Euthyphro (Part I)
Location: The King’s Porch, near Kerameikos, Athens. The place where a magistrate oversaw crimes and other matters relating to religious duties and legal affairs.
T.H.O.S
Euthyphro: What unusual events have led you to leave your discussions in the Lyceum and wait about the King’s Porch? For, surely you have not any action, as I have.
Socrates: Euthyphro, the Athenians do not call it action, but an accusation.
Euthyphro: Someone has accused yourself? For I do not think yourself would accuse another self.
Socrates: I should not, indeed.
Euthyphro: Who is he?
Socrates: I do not know him well, for he is young and not noteworthy. I think his name is Meletus, and he is from Pittheus. He has long hair, a thin beard and a hooked nose.
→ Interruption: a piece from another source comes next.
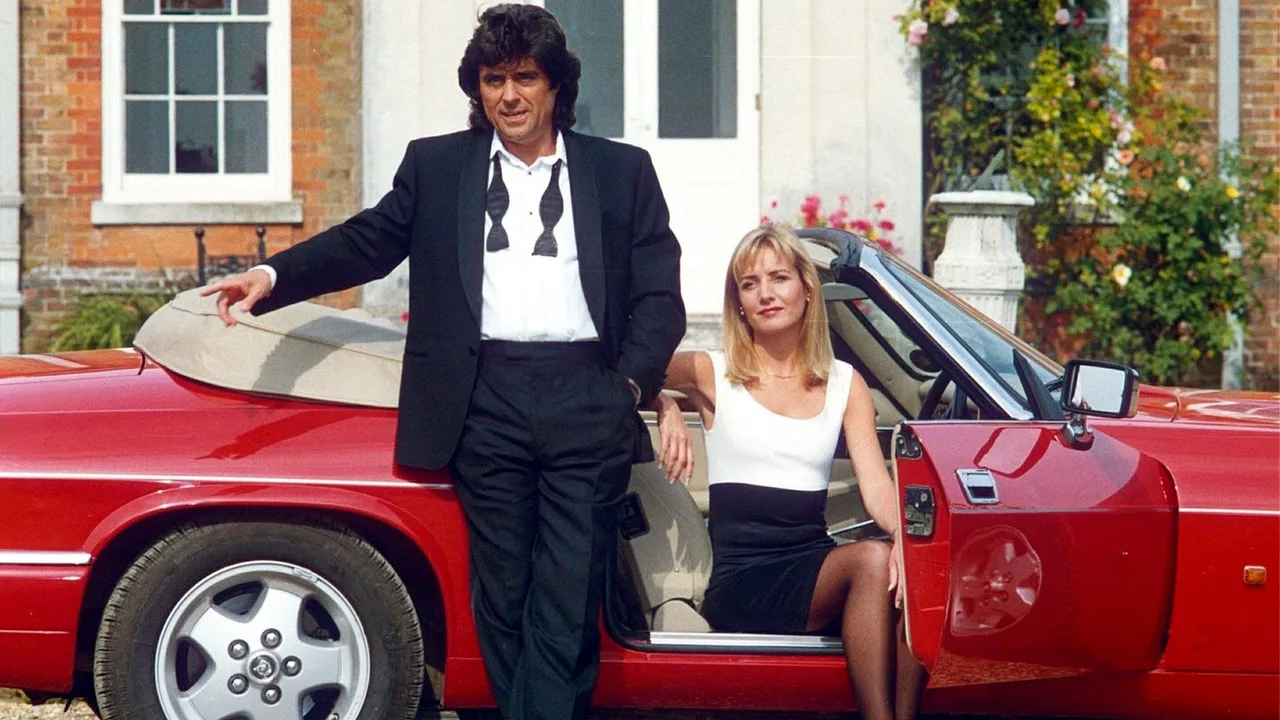 Lovejoy (1986)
Euthyphro: I can’t recollect him, Socrates. What is his accusation?
Socrates: Not an ignoble one, as it appears to myself. For it is no contemptible thing for one who is a young man to be knowledgeable in affairs of such magnitude. For he knows, as he says, how the youth are being corrupted and who is corrupting them. Because he is a man of wise appearance, and seeing my ignorance, deemed myself to be the one who is corrupting his equals in age. He has accused myself before the city, as one might to a mother.
Of all the citizens, he seems to have made a commendable start. He is right to pay attention to youth in the first place so they may become most excellent, just as good husbandry should first take care of young crops, and, after this, the other ones.
Perhaps Meletus will first root out those of us who corrupt the blossoms of youth, as he says, and afterwards, he will certainly pay attention to those of a more advanced age, thus causing the most numerous and greatest of goods to the city. This is what one might expect from someone who begins in such a way.
Euthyphro: I wish it so, Socrates, yet I tremble lest the opposite may occur. For, in truth, he seems intent on harming yourself as a first step towards bringing harm to the very hearth of the city itself.
Tell me, how does he claim that you are corrupting the youth?
Socrates: His accusations, O wonderful man, must be considered absurd when they are heard. For he says, I am a maker of gods, introducing new ones and not believing in the ancient gods.
Euthyphro: I understand you, Socrates. It is because you say a spiritual [dæmonical] power is forever present with yourself. Therefore, the accusation is brought against yourself for introducing novelties into divine affairs, and he knows well that the many are always open to receiving such kind of character assassination.
Plato, The Euthyphro
The Many : Religious Duty and Laws :: Socrates : Sacred Athens
Young crops, blossoms of youth - the best positioned to grow, flourish and regenerate. Remember Love.
'He seems intent on harming yourself as a first step towards bringing harm to the sacred city itself.'!